JUNIOR SEMINAR: C.S.I. 101: TRUTH FROM EVIDENCE
2017/2018, Semester 2
Non-Faculty-Based Departments (Tembusu College)
Modular Credits: UTC1102H ( 4 ) / GEM1902H ( 4 )
Class1: Monday 12-1pm; Thursday 12-2pm
Class2: Monday 4-5pm; Thursday 4-6pm
Made popular by TV dramas such as Law and Order and C.S.I., forensics uses science to aid in law enforcement and crime solving. In this interdisciplinary module, students will be engaged in understanding and discussing the value of various analyses conducted to deduce truth from evidence. Online activities will be paired with active discussions on the history, use and value of forensic analysis. Finally, the credibility of forensic evidence will be discussed, and societal expectations regarding the “glamorous and exciting” job of the forensic criminologist in CSI compared with the “messy and morbid” nature of forensics in real life.
Key themes covered in seminar:
Seminars will be based around the history, use and value of the various analyses to deduce truth from forensic evidence.
Power of observation/eye-witness testimony
The seminar will analyze national and international cases. Importantly, students will be prompted to always questioning the accuracy of forensics and to distinguish between what happens in drama and real life.
At the end of the module, students should be able to
Perceive, in a general view, how scientific evidence can help to piece together a difficult-to-solve crime.

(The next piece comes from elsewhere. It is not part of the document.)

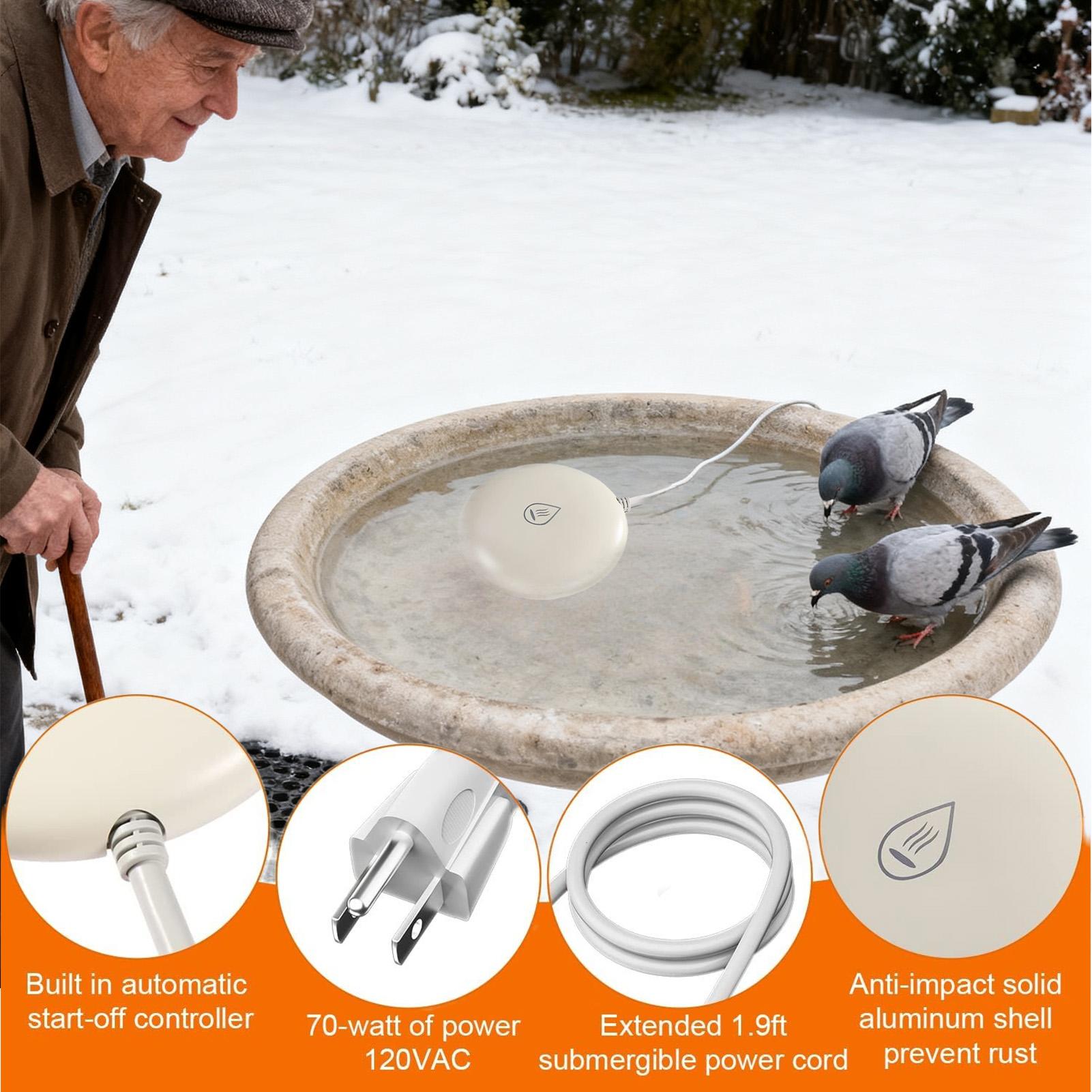 Smart Garden Bird Bath - Pemanas Tempat Mandi Burung, Penyiram Pintar,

Understand and know the various analyses used in forensic labs
Appreciate differences between the drama and real life
Welcome differing viewpoints on the value of forensics
Recognize the impact of forensics on society and how the law views evidence
In general, this module should encourage students to
Enhance their power of observation
Learn how to articulate their thoughts to others in class
Analyze and summarize main points from readings and other forms of information
Ask as many questions as possible to get to the right answer
Enjoy learning and not being taught
Workload and expectations
My teaching philosophy is that you are here to learn and not be taught. This module encompasses the reading of texts intensively and extensively particularly after the first Monday session, thinking through questions raised, asking your own questions about the topic, building and presenting arguments and most importantly, reflecting on the importance and use of CSI evidence. The recommended texts should be a starting point to facilitate interaction and discussion, but are not the be all and end all readings. You can and should invest approximately 3-4h to prepare for class, including reading the recommended texts and even searching online for more material (but be careful about the sources as some may not be accurate). Being prepared when you come to class will make the class even more meaningful for you. Questions you must ask when you are reading any texts are: what do I think about the text? What are the important points to take home? What questions can I ask about what he/she is saying? What is he/she not saying?